BRIEF:
From the first line to the last, set down the data exactly as given.

Brief descriptive captions:
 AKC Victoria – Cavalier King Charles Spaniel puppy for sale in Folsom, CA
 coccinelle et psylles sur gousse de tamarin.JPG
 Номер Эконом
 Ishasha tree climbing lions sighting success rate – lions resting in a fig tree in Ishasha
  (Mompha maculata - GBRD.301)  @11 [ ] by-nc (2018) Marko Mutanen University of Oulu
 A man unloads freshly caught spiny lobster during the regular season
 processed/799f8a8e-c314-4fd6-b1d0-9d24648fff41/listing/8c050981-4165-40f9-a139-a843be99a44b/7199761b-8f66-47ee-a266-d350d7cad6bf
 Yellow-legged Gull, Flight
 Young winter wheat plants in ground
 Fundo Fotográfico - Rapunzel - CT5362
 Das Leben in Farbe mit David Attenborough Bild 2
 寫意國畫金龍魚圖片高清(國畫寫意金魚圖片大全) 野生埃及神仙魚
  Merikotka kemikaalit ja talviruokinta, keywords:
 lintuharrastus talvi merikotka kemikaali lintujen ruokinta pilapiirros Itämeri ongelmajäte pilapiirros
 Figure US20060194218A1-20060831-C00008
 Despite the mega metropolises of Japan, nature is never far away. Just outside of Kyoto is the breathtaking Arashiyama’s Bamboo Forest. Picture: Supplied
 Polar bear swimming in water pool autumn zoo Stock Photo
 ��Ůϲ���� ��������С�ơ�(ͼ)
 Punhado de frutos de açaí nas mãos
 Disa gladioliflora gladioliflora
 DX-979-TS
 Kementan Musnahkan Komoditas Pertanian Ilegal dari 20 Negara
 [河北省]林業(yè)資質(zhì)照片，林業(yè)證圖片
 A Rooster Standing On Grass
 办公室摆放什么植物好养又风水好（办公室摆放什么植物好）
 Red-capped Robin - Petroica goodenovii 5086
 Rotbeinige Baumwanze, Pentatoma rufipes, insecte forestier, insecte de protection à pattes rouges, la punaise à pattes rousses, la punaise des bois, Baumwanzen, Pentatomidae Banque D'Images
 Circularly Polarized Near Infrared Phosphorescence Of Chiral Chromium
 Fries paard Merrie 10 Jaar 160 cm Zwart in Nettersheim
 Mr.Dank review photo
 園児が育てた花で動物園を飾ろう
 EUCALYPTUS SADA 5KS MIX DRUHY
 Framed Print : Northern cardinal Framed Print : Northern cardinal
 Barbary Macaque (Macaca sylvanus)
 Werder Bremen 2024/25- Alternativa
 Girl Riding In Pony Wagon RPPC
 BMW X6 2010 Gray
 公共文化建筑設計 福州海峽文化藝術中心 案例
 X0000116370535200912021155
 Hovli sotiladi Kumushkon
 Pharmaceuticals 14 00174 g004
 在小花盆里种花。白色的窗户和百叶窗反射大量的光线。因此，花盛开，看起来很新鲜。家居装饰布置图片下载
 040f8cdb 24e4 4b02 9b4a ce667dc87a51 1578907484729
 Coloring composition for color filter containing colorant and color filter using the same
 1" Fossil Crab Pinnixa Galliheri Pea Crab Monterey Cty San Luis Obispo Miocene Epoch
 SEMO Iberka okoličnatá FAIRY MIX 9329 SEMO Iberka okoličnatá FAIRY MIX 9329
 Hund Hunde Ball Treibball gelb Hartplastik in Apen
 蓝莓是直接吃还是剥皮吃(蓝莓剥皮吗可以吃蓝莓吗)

WRITTEN SOLUTION:
 AKC Victoria – Cavalier King Charles Spaniel puppy for sale in Folsom, CA
 coccinelle et psylles sur gousse de tamarin.JPG
 Номер Эконом
 Ishasha tree climbing lions sighting success rate – lions resting in a fig tree in Ishasha
  (Mompha maculata - GBRD.301)  @11 [ ] by-nc (2018) Marko Mutanen University of Oulu
 A man unloads freshly caught spiny lobster during the regular season
 processed/799f8a8e-c314-4fd6-b1d0-9d24648fff41/listing/8c050981-4165-40f9-a139-a843be99a44b/7199761b-8f66-47ee-a266-d350d7cad6bf
 Yellow-legged Gull, Flight
 Young winter wheat plants in ground
 Fundo Fotográfico - Rapunzel - CT5362
 Das Leben in Farbe mit David Attenborough Bild 2
 寫意國畫金龍魚圖片高清(國畫寫意金魚圖片大全) 野生埃及神仙魚
  Merikotka kemikaalit ja talviruokinta, keywords:
 lintuharrastus talvi merikotka kemikaali lintujen ruokinta pilapiirros Itämeri ongelmajäte pilapiirros
 Figure US20060194218A1-20060831-C00008
 Despite the mega metropolises of Japan, nature is never far away. Just outside of Kyoto is the breathtaking Arashiyama’s Bamboo Forest. Picture: Supplied
 Polar bear swimming in water pool autumn zoo Stock Photo
 ��Ůϲ���� ��������С�ơ�(ͼ)
 Punhado de frutos de açaí nas mãos
 Disa gladioliflora gladioliflora
 DX-979-TS
 Kementan Musnahkan Komoditas Pertanian Ilegal dari 20 Negara
 [河北省]林業(yè)資質(zhì)照片，林業(yè)證圖片
 A Rooster Standing On Grass
 办公室摆放什么植物好养又风水好（办公室摆放什么植物好）
 Red-capped Robin - Petroica goodenovii 5086
 Rotbeinige Baumwanze, Pentatoma rufipes, insecte forestier, insecte de protection à pattes rouges, la punaise à pattes rousses, la punaise des bois, Baumwanzen, Pentatomidae Banque D'Images
 Circularly Polarized Near Infrared Phosphorescence Of Chiral Chromium
 Fries paard Merrie 10 Jaar 160 cm Zwart in Nettersheim
 Mr.Dank review photo
 園児が育てた花で動物園を飾ろう
 EUCALYPTUS SADA 5KS MIX DRUHY
 Framed Print : Northern cardinal Framed Print : Northern cardinal
 Barbary Macaque (Macaca sylvanus)
 Werder Bremen 2024/25- Alternativa
 Girl Riding In Pony Wagon RPPC
 BMW X6 2010 Gray
 公共文化建筑設計 福州海峽文化藝術中心 案例
 X0000116370535200912021155
 Hovli sotiladi Kumushkon
 Pharmaceuticals 14 00174 g004
 在小花盆里种花。白色的窗户和百叶窗反射大量的光线。因此，花盛开，看起来很新鲜。家居装饰布置图片下载
 040f8cdb 24e4 4b02 9b4a ce667dc87a51 1578907484729
 Coloring composition for color filter containing colorant and color filter using the same
 1" Fossil Crab Pinnixa Galliheri Pea Crab Monterey Cty San Luis Obispo Miocene Epoch
 SEMO Iberka okoličnatá FAIRY MIX 9329 SEMO Iberka okoličnatá FAIRY MIX 9329
 Hund Hunde Ball Treibball gelb Hartplastik in Apen
 蓝莓是直接吃还是剥皮吃(蓝莓剥皮吗可以吃蓝莓吗)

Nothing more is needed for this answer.